What to do >>
Output the data as it stands. Each line must match exactly.

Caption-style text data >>
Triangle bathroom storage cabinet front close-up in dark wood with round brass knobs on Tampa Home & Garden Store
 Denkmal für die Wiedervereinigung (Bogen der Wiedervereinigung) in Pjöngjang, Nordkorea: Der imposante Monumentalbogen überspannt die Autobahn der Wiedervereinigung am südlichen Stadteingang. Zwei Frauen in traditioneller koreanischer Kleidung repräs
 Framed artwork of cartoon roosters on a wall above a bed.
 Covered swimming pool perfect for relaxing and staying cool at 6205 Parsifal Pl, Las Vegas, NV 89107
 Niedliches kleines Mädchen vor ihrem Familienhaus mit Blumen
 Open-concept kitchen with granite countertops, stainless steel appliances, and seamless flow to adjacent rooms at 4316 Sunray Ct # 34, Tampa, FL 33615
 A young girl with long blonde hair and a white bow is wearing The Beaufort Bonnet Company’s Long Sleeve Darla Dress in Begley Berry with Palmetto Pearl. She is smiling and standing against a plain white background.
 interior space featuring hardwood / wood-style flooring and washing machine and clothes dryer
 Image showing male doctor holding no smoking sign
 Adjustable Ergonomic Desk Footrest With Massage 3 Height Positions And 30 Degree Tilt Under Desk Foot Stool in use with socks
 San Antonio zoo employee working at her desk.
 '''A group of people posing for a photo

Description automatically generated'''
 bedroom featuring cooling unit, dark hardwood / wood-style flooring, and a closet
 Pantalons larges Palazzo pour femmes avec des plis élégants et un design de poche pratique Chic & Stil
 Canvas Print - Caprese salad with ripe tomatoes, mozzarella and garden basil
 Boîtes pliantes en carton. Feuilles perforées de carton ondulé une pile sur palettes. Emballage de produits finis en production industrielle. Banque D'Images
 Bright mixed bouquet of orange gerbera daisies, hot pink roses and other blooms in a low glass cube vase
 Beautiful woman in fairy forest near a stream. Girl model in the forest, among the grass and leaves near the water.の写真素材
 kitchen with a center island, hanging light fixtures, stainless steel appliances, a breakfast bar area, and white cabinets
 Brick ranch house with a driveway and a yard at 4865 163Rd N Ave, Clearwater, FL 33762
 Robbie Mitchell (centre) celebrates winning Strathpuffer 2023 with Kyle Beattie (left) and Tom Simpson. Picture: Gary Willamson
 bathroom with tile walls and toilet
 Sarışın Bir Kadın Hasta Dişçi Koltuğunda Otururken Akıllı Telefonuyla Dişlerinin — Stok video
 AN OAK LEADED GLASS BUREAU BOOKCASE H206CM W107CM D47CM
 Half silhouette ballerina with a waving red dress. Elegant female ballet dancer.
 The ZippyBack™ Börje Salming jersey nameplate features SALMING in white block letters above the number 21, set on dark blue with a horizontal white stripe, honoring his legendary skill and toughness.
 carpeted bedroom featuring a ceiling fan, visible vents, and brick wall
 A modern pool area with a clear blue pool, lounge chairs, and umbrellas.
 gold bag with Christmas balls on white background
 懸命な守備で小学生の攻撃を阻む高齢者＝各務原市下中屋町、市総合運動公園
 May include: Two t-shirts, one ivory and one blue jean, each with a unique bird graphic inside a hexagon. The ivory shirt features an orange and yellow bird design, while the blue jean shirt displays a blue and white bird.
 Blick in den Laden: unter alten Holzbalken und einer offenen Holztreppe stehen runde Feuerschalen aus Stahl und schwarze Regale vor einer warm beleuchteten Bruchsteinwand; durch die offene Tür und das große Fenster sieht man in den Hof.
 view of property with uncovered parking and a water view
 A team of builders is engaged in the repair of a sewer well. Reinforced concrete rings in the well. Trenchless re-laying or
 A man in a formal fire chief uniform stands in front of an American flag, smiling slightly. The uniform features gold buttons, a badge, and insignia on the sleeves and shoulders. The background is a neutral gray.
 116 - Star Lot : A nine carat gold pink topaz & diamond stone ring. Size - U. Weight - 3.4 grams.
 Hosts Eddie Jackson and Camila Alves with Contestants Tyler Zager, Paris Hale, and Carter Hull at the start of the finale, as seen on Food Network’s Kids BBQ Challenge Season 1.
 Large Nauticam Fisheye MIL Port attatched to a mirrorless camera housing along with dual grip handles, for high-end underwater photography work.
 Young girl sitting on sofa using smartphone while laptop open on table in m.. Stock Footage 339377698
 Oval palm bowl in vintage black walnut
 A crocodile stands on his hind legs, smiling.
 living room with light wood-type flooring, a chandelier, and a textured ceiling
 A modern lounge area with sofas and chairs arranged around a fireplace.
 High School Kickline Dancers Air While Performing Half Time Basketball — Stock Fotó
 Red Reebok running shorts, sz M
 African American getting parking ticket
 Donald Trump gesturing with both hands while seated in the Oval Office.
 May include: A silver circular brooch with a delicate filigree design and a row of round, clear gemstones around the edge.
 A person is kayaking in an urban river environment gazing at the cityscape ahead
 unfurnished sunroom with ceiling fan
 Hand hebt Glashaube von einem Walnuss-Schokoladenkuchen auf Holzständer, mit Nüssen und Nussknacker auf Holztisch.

Exercise answer >>
Triangle bathroom storage cabinet front close-up in dark wood with round brass knobs on Tampa Home & Garden Store
 Denkmal für die Wiedervereinigung (Bogen der Wiedervereinigung) in Pjöngjang, Nordkorea: Der imposante Monumentalbogen überspannt die Autobahn der Wiedervereinigung am südlichen Stadteingang. Zwei Frauen in traditioneller koreanischer Kleidung repräs
 Framed artwork of cartoon roosters on a wall above a bed.
 Covered swimming pool perfect for relaxing and staying cool at 6205 Parsifal Pl, Las Vegas, NV 89107
 Niedliches kleines Mädchen vor ihrem Familienhaus mit Blumen
 Open-concept kitchen with granite countertops, stainless steel appliances, and seamless flow to adjacent rooms at 4316 Sunray Ct # 34, Tampa, FL 33615
 A young girl with long blonde hair and a white bow is wearing The Beaufort Bonnet Company’s Long Sleeve Darla Dress in Begley Berry with Palmetto Pearl. She is smiling and standing against a plain white background.
 interior space featuring hardwood / wood-style flooring and washing machine and clothes dryer
 Image showing male doctor holding no smoking sign
 Adjustable Ergonomic Desk Footrest With Massage 3 Height Positions And 30 Degree Tilt Under Desk Foot Stool in use with socks
 San Antonio zoo employee working at her desk.
 '''A group of people posing for a photo

Description automatically generated'''
 bedroom featuring cooling unit, dark hardwood / wood-style flooring, and a closet
 Pantalons larges Palazzo pour femmes avec des plis élégants et un design de poche pratique Chic & Stil
 Canvas Print - Caprese salad with ripe tomatoes, mozzarella and garden basil
 Boîtes pliantes en carton. Feuilles perforées de carton ondulé une pile sur palettes. Emballage de produits finis en production industrielle. Banque D'Images
 Bright mixed bouquet of orange gerbera daisies, hot pink roses and other blooms in a low glass cube vase
 Beautiful woman in fairy forest near a stream. Girl model in the forest, among the grass and leaves near the water.の写真素材
 kitchen with a center island, hanging light fixtures, stainless steel appliances, a breakfast bar area, and white cabinets
 Brick ranch house with a driveway and a yard at 4865 163Rd N Ave, Clearwater, FL 33762
 Robbie Mitchell (centre) celebrates winning Strathpuffer 2023 with Kyle Beattie (left) and Tom Simpson. Picture: Gary Willamson
 bathroom with tile walls and toilet
 Sarışın Bir Kadın Hasta Dişçi Koltuğunda Otururken Akıllı Telefonuyla Dişlerinin — Stok video
 AN OAK LEADED GLASS BUREAU BOOKCASE H206CM W107CM D47CM
 Half silhouette ballerina with a waving red dress. Elegant female ballet dancer.
 The ZippyBack™ Börje Salming jersey nameplate features SALMING in white block letters above the number 21, set on dark blue with a horizontal white stripe, honoring his legendary skill and toughness.
 carpeted bedroom featuring a ceiling fan, visible vents, and brick wall
 A modern pool area with a clear blue pool, lounge chairs, and umbrellas.
 gold bag with Christmas balls on white background
 懸命な守備で小学生の攻撃を阻む高齢者＝各務原市下中屋町、市総合運動公園
 May include: Two t-shirts, one ivory and one blue jean, each with a unique bird graphic inside a hexagon. The ivory shirt features an orange and yellow bird design, while the blue jean shirt displays a blue and white bird.
 Blick in den Laden: unter alten Holzbalken und einer offenen Holztreppe stehen runde Feuerschalen aus Stahl und schwarze Regale vor einer warm beleuchteten Bruchsteinwand; durch die offene Tür und das große Fenster sieht man in den Hof.
 view of property with uncovered parking and a water view
 A team of builders is engaged in the repair of a sewer well. Reinforced concrete rings in the well. Trenchless re-laying or
 A man in a formal fire chief uniform stands in front of an American flag, smiling slightly. The uniform features gold buttons, a badge, and insignia on the sleeves and shoulders. The background is a neutral gray.
 116 - Star Lot : A nine carat gold pink topaz & diamond stone ring. Size - U. Weight - 3.4 grams.
 Hosts Eddie Jackson and Camila Alves with Contestants Tyler Zager, Paris Hale, and Carter Hull at the start of the finale, as seen on Food Network’s Kids BBQ Challenge Season 1.
 Large Nauticam Fisheye MIL Port attatched to a mirrorless camera housing along with dual grip handles, for high-end underwater photography work.
 Young girl sitting on sofa using smartphone while laptop open on table in m.. Stock Footage 339377698
 Oval palm bowl in vintage black walnut
 A crocodile stands on his hind legs, smiling.
 living room with light wood-type flooring, a chandelier, and a textured ceiling
 A modern lounge area with sofas and chairs arranged around a fireplace.
 High School Kickline Dancers Air While Performing Half Time Basketball — Stock Fotó
 Red Reebok running shorts, sz M
 African American getting parking ticket
 Donald Trump gesturing with both hands while seated in the Oval Office.
 May include: A silver circular brooch with a delicate filigree design and a row of round, clear gemstones around the edge.
 A person is kayaking in an urban river environment gazing at the cityscape ahead
 unfurnished sunroom with ceiling fan
 Hand hebt Glashaube von einem Walnuss-Schokoladenkuchen auf Holzständer, mit Nüssen und Nussknacker auf Holztisch.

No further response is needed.